Abstract:
Among the many problems in machine learning, the most critical ones involve improving
the categorical response prediction rate based on extracted features. In spite of this, it is noted that
most of the time from the entire cycle of multi-class machine modeling for sign language recognition
tasks is spent on data preparation, including collection, filtering, analysis, and visualization of data.

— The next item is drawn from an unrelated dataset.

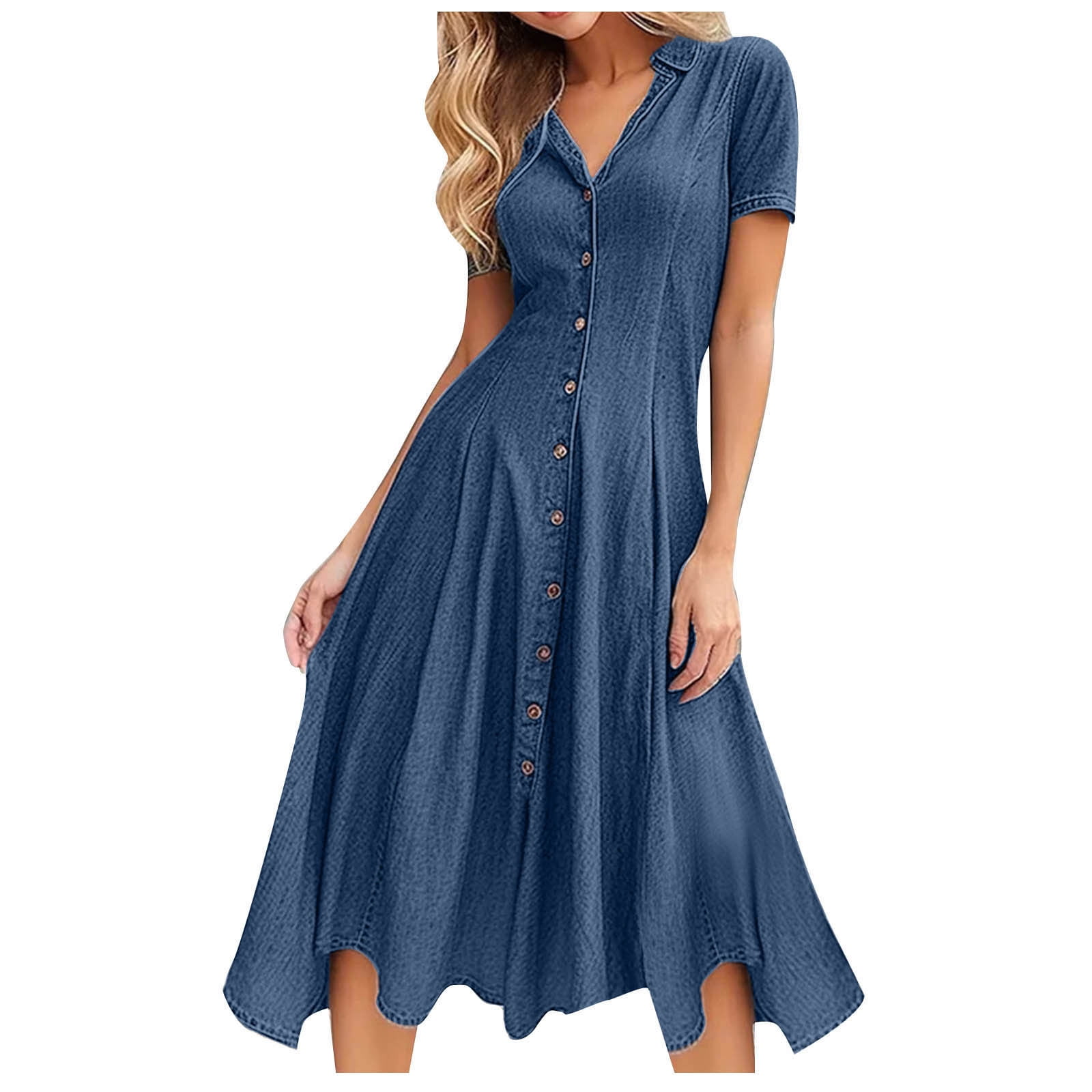 Ameri（アメリ）の「DENIM LIKE PLEATS DRESS（ワンピース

To find the optimal solution for the above-mentioned problem, this paper proposes a methodology
for automatically collecting the spatiotemporal features of gestures by calculating the coordinates of
the found area of the pose and hand, normalizing them, and constructing an optimal multilayer perceptron for multiclass classification. By extracting and analyzing spatiotemporal data, the proposed
method makes it possible to identify not only static features, but also the spatial (for gestures that
touch the face and head) and dynamic features of gestures, which leads to an increase in the accuracy
of gesture recognition. This classification was also carried out according to the form of the gesture
demonstration to optimally extract the characteristics of gestures (display ability of all connection
points), which also led to an increase in the accuracy of gesture recognition for certain classes to
the value of 0.96. This method was tested using the well-known Ankara University Turkish Sign
Language Dataset and the Dataset for Argentinian Sign Language to validate the experiment, which
proved effective with a recognition accuracy of 0.98.